The other evening, once it was dark, LSS went out as usual to give the rabbits their last meal of the day (and overnight snack). When she came back, she was puzzled. “Either a miniature UFO has landed in the garden, or you’ve installed something that I didn’t know about. There’s some sort of light flashing alternately red and blue.”
“Oh good!” I exclaimed. “Or maybe not good. The good news is that it’s working. The bad news is that the flashing light is the water level alarm for the greywater sump.” I went out to check. I had installed a small LED circuit to indicate a high water level in the sump leading to the reedbed (in case the pump fails, for example). Fortunately the pump had not failed; there was just some condensation on the sensor wires. I moved these further apart, so that resolved the issue.

T has become somewhat unreliable lately. He had asked if he could come around this week to crush some malted barley, in order to brew his next batch of beer. I told him Monday would be the best day, as I didn’t have much else planned. He simply didn’t turn up. Unfortunately I’m somewhat busy the rest of the week, so he’ll have to take pot luck. If he turns up at all, that is. Now that M will no longer be paying the bills, he’ll need to find a job PDQ. And good luck with that, in this current economic climate…

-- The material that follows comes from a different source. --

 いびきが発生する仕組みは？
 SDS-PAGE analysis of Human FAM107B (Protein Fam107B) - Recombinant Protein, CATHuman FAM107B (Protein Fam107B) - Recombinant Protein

The hens now have a penthouse. Their original roosting area consisted of hazel branches fixed to two sloping supports. The problem with this arrangement has become apparent recently; it was too vertical. This means the hens lower in the pecking order become covered in droppings overnight, because they’re roosting immediately underneath other hens. The base cannot be moved outwards to increase the angle because there are two concrete pillars in the way. The chicken coop used to be the laundry area, and these two concrete pillars originally held the washing/scrubbing board.

I therefore constructed a new roosting area, consisting of two slim planks of wood fixed to a frame on the wall. The planks provide enough space for all of the hens, so they can all be on the same level should they so wish. And I reduced the width of the original framework, so they can use it as a ladder to get to the main perches. We’ll see if they like it.

The temperature has plunged recently, not rising above 3 degrees during the day. The house is toasty warm though. Unfortunately we now have a problem with stink-bugs. They seem to have made the wood in the wood-shed their home, so I now have to be careful when filling the wood cupboard. If any are inadvertently brought indoors, it’s not long before they’re flying around the house. And probably because they’re annoyed at being woken up, they tend to produce their characteristic smell. They’re not called stink-bugs for nothing!

2 thoughts on “02/12/2014”

  1. Hi Rob,
    What a wonderful tool the internet is for telling you things you already knew but never realised!
    I was intrigued by your reference to ‘stink bugs’, never having heard of them before, or so I thought, so I Googled them and found out what they were. We have them here in the UK, but I’d never realised what they were. I just thought they were quite a sweet looking, harmless bug, that occasionally would land on me, crawl up my arm then fly off. I now find they are quite a pest to farmers, quite offensive to (some) noses and have a rather long name which could be difficult to say if you’d had a few! (Pentatomidae).
    My research also said that the scent form these stink bugs differs from person to person, some smelling nice or nasty coriander, others may smell the bitter almond scent of cyanide (which it contains in minute quantities and is an anti predator defence thing)
    What do your bugs smell of when they get excited? I have maybe smelt it before, but with my contact with them being outdoors, and with us living close to the countryside and all the ‘aromas’ that that entails it’s possible I may have confused their scent with something a little more organic!



    1. Hi Roj – nice to hear from you again.

      Oh, you’ll know the smell when it hits your nose. As to what it smells like – oh dear. Describing a scent in words. Not something I’m good at. Unlike Jilly Goolden – that presenter on some UK television food programme (can’t remember which one as I would reach for the remote to change channels as soon as she appeared) who would taste a wine and go off on some weird description like “There’s a hint of cherries dipped in birchwood sawdust with an aftertaste of shoe-polish…”

      But I digress. Yes, there’s a whiff of bitter almonds, but it seems a bit like rancid butter as well; it sort of catches in the back of your throat. To my nose it doesn’t smell like coriander. Suffice it to say one stops breathing if at all possible until the offending insect has been despatched. We’ve found the best way is to wait until they land on a flat surface, then trap them with a whisky tumbler. Empty, of course. Slide a thin piece of card between the surface and the glass, trapping them inside. Then the whole lot can either be taken outside, or – my preferred option – simply shaken into the woodstove, where there is a satisfactory pop and fizzle. Hey, it’s not as though they’re an endangered species. Unlike the dormice which had started to eat our pathetically-tiny stock of apples and the dried bread for the chickens. But that’s another story.